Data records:
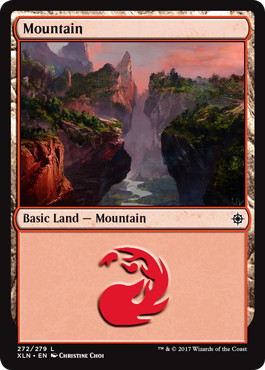 【ENG】《山/Mountain》(272)[XLN]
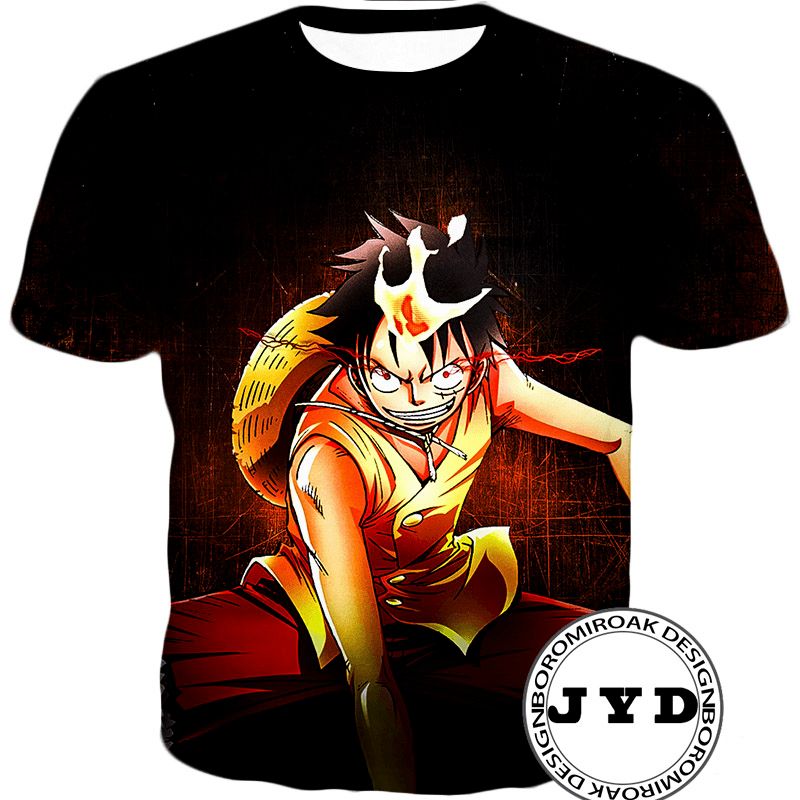 anime t shirts mens
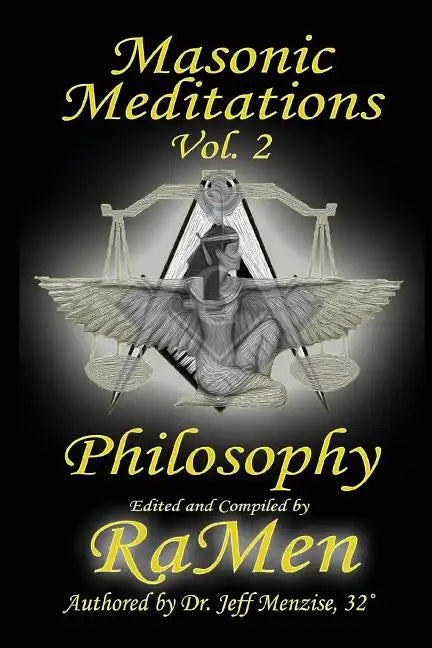 Masonic Meditations vol 2: Philosophy - Paperback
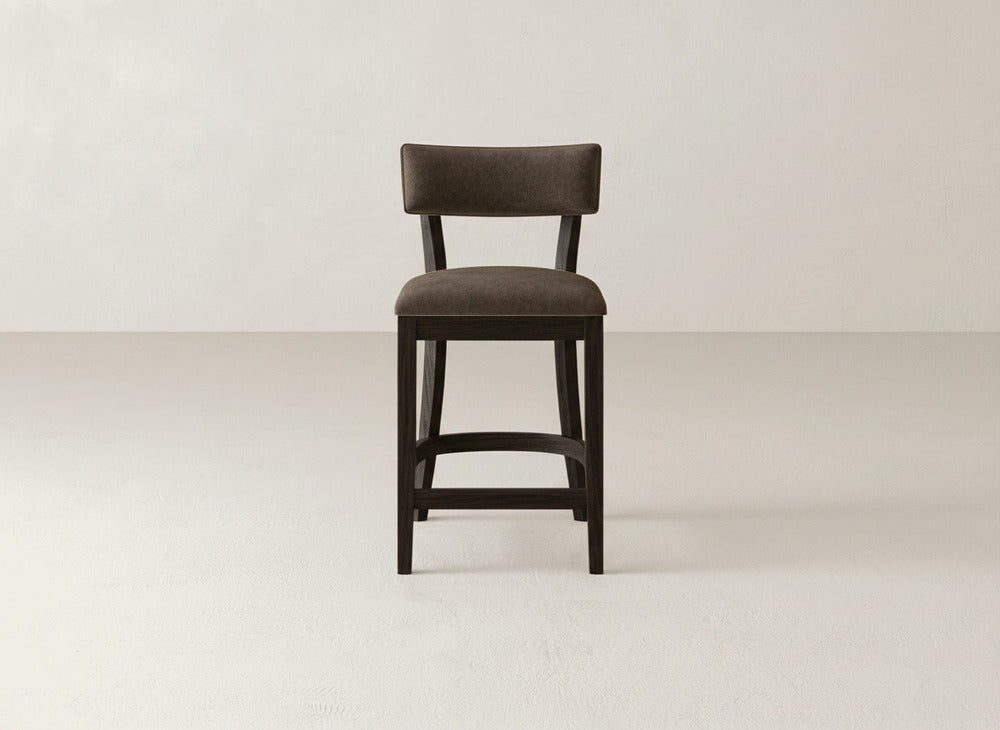 Everly Upholstered Stool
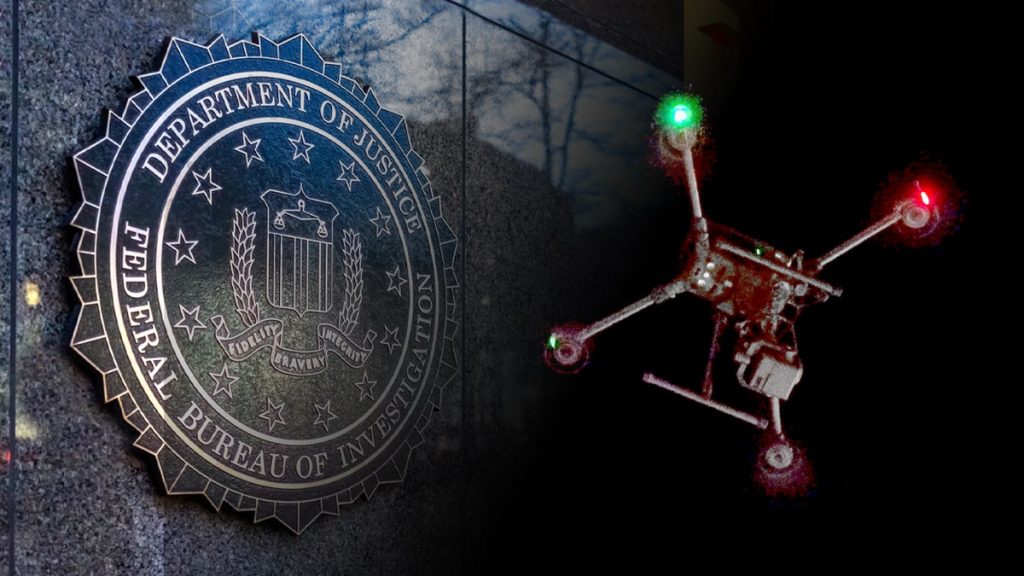 Internet InfoMedia fbis warning as reported drone sightings plague the east coast and more top headlines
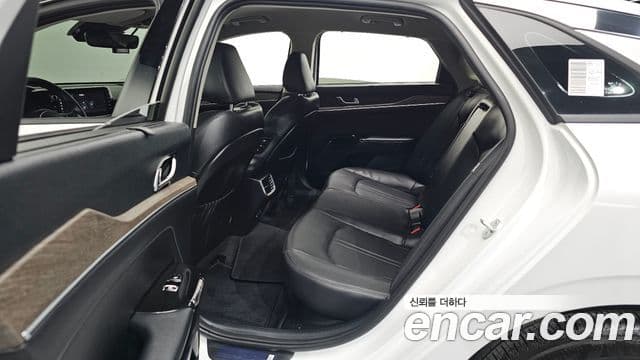 Kia K5 гибрид 3세대 Noblesse, 2023 11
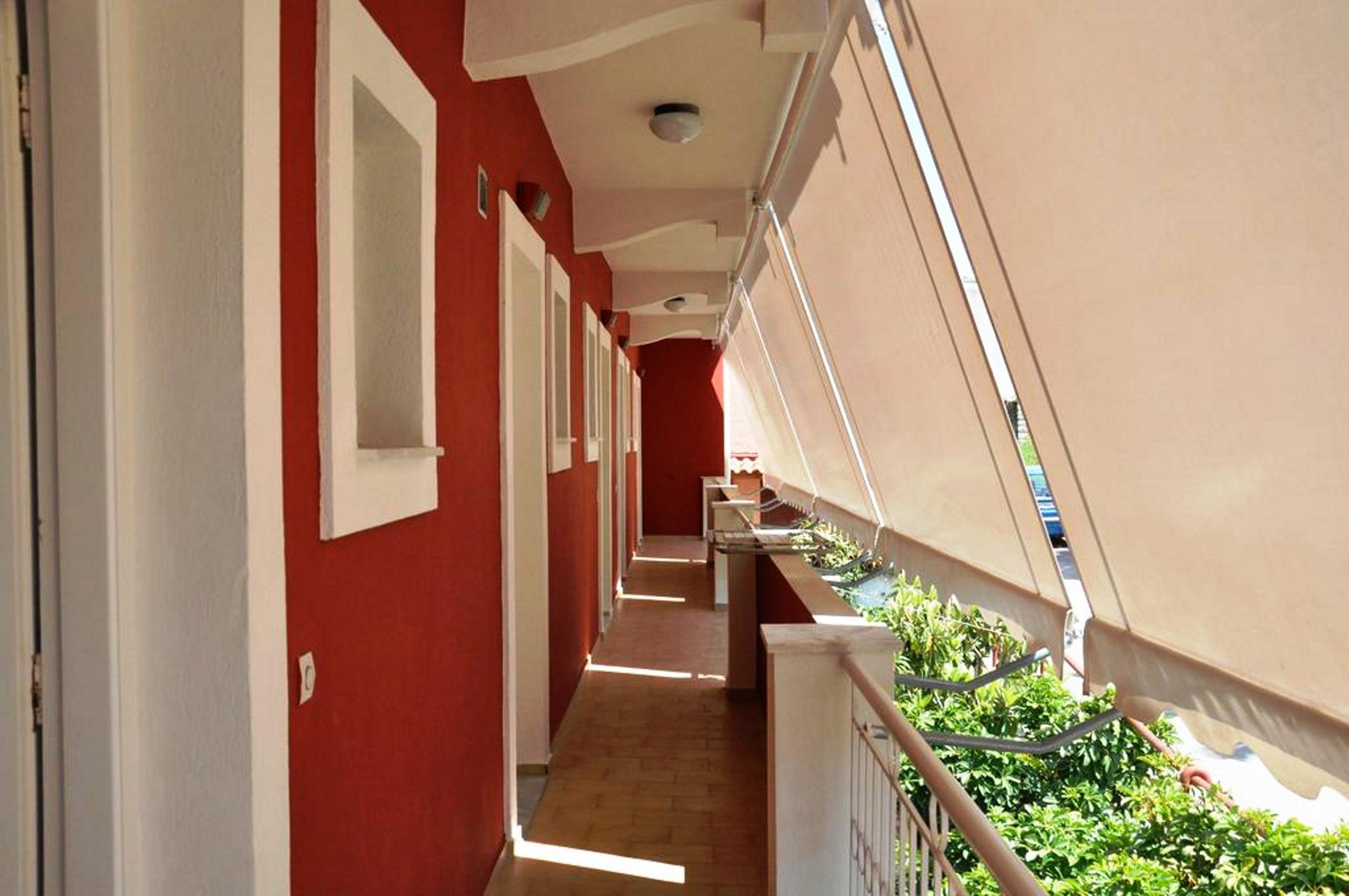 Koskinas Apartments อาคาราวี ภายนอก รูปภาพ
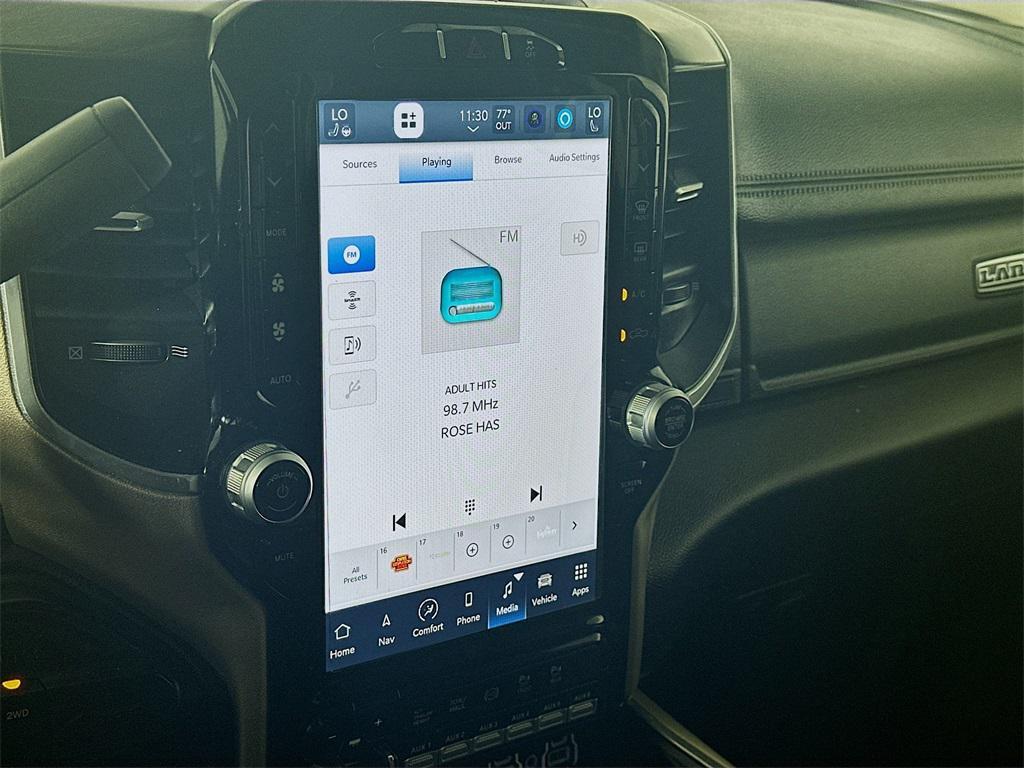 used 2024 Ram 3500 car, priced at $68,835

Exercise instructions
Would you set down only the lines above from the line with "anime t shirts mens" to the line with "Koskinas Apartments อาคาราวี ภายนอก รูปภาพ", both included, exactly as they stand and without the pictures?

Solution below
 anime t shirts mens
 Masonic Meditations vol 2: Philosophy - Paperback
 Everly Upholstered Stool
 Internet InfoMedia fbis warning as reported drone sightings plague the east coast and more top headlines
 Kia K5 гибрид 3세대 Noblesse, 2023 11
 Koskinas Apartments อาคาราวี ภายนอก รูปภาพ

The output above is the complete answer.